**Records shown**:
===============

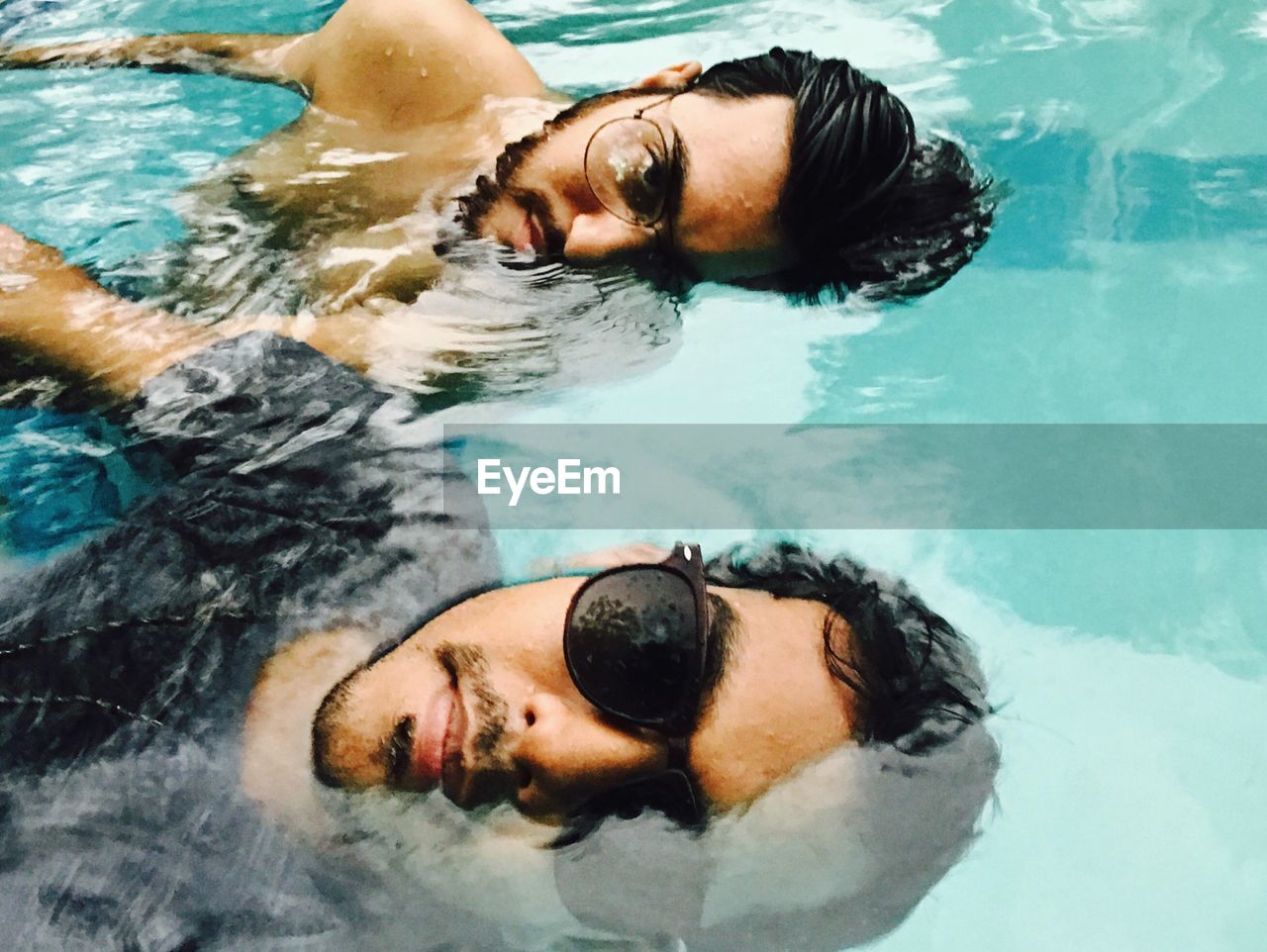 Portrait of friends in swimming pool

===============

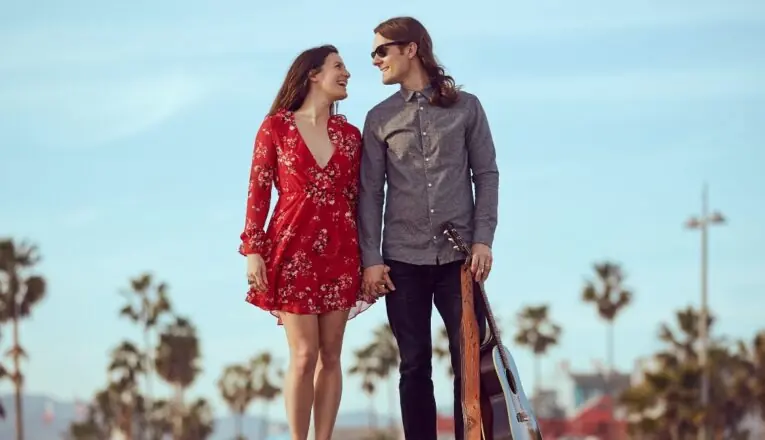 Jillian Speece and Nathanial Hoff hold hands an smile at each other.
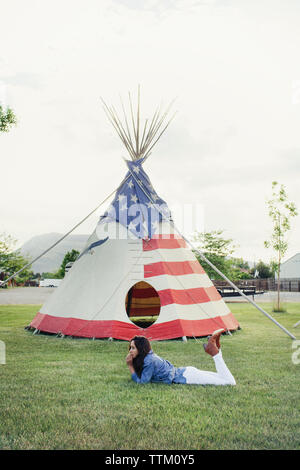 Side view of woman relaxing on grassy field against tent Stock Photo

===============

**Aim of the exercise**:
Set the pictures aside and transcribe exactly the stretch of lines above, beginning with the one holding "Jillian Speece and" and ending with the one holding "Side view of".

**Response box**:
 Jillian Speece and Nathanial Hoff hold hands an smile at each other.
 Side view of woman relaxing on grassy field against tent Stock Photo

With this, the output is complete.